1943年、ハレ管の指揮を引き継ぐために英国に戻ったバルビローリは、オペラ上演の機会が激減した。それでも、抜粋を別にして、ルートヴィヒ・ズートハウスとシルヴィア・フィッシャーによる《トリスタン》を含む 6つのオペラを 1951年から 1954年の間にコヴェントガーデンで上演している。 1969年にはローマで《アイーダ》(ギネス・ジョーンズ)を指揮したが、同曲を EMIに録音することはキャストの問題で断っている。さらにハンブルクで《オテロ》と《トリスタン》の上演が持ち上がった。テスタメントからはコヴェントガーデンでのマリア・カラスとの《アイーダ》 (SBT2 1355 2CDs)のライヴ録音が発売されている。さらに EMIには、《ディドとエネアス》《蝶々夫人》《オテロ》の有名なレコーディングが残されている。
アニタ・ヴェルッキ (1926-2011)は、フィンランドのバルケアコスキのステージで女優、歌手としてキャリアをスタートさせた。
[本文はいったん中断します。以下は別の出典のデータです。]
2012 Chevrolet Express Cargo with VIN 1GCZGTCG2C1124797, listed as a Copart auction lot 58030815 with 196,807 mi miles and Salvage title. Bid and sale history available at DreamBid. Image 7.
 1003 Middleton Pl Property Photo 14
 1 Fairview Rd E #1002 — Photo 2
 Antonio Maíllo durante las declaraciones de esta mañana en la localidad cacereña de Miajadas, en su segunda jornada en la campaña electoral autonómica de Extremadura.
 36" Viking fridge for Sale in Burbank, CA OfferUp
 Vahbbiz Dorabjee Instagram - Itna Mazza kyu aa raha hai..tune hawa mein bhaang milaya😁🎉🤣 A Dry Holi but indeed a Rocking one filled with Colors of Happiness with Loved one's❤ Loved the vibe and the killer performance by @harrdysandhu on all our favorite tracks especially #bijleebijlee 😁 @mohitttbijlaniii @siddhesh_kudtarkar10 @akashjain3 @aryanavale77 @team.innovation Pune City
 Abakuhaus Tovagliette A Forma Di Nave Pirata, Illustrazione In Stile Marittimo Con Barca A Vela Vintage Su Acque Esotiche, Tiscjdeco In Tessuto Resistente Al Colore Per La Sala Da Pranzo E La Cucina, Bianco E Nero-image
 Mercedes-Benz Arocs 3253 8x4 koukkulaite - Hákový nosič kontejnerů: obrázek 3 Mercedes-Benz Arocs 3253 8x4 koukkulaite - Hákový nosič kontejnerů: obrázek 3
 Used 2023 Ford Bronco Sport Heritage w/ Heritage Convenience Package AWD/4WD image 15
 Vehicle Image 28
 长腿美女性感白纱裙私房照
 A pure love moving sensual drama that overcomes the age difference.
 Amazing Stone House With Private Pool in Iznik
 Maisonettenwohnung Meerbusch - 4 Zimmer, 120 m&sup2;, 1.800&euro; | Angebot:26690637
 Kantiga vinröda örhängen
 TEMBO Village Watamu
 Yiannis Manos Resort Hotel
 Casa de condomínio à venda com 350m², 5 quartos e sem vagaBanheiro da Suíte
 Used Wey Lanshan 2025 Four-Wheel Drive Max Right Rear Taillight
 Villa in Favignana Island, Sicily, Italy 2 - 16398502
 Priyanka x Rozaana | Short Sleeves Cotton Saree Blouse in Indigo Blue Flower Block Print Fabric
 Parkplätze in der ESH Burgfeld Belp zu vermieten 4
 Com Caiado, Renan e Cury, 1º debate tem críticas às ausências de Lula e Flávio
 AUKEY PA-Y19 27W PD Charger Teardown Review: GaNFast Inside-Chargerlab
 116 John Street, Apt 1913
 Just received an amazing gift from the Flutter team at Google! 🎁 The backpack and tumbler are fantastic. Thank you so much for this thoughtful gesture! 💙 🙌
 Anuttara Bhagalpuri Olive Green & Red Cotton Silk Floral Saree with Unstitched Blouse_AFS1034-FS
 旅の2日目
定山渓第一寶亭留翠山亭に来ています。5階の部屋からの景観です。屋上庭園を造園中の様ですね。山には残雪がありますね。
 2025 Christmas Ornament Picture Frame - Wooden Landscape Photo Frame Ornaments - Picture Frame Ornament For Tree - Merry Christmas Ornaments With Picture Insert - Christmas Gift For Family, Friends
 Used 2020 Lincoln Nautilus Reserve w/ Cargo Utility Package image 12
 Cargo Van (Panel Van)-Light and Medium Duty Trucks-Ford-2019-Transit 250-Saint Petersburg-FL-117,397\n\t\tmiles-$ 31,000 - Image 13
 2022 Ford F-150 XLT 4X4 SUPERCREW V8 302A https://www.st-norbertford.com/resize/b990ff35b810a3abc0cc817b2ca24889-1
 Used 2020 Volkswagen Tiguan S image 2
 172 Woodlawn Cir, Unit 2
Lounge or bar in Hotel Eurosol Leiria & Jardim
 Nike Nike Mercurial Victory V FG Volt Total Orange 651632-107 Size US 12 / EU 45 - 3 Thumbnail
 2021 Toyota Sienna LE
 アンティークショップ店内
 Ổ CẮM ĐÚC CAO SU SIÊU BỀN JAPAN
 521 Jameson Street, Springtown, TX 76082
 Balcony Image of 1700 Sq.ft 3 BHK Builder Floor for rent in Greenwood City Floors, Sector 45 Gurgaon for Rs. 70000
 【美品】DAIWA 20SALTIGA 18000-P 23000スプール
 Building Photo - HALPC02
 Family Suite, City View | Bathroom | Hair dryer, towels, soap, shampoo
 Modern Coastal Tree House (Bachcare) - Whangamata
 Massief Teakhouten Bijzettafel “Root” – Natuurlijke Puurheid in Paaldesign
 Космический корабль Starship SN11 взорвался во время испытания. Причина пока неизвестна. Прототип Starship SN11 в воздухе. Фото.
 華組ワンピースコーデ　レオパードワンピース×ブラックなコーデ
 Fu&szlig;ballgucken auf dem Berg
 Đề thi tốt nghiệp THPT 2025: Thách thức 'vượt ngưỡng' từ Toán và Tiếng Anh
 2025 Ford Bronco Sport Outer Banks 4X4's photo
コッコラとヴァッサの劇場でミュージカルとオペレッタを専攻した。その後、声楽の勉強に取り組み、 1954年ヘルシンキでのコンサートでプロ・デビューを飾った。オペラ・デビューは、フィンランド歌劇場でのカールマンの《伯爵令嬢マリツァ》であった。ストックホルム・フィンランド歌劇のツアーで演じた、トスカとサントゥッツァで好評を博し、スウェーデンの首都に戻り、《アイーダ》と《ヴァルキューレ》のブリュンヒルデを歌った。フィンランド歌劇場では、《トゥーランドット》や《カーチャ・カバノヴァー》のタイトルロールなども歌った。ワーグナーの役では、 1961年のショルティとのコヴェントガーデンでの《ヴァルキューレ》 (Testament SBT41495, 4 CDs)、1962年のエーリッヒ・ラインスドルフとのニューヨーク・メトロポリタン歌劇場での共演、 1963年バイロイトでのヴォルフガング・ワーグナーの新演出による《指環》(指揮はケンペ)の第3のノルンと、世界中の歌劇場でデビューを果たした。音楽評論家のピーター・クレイナウは「バイロイトでの圧倒的勝利。若々しいホッホ・ドラマティッシェ・ソプラノとして自身の豊かな声を自在に操る彼女には、最高の期待が集まっている。」と書いている。ウィーン国立歌劇場からも 3年の専属契約のオファーがあった。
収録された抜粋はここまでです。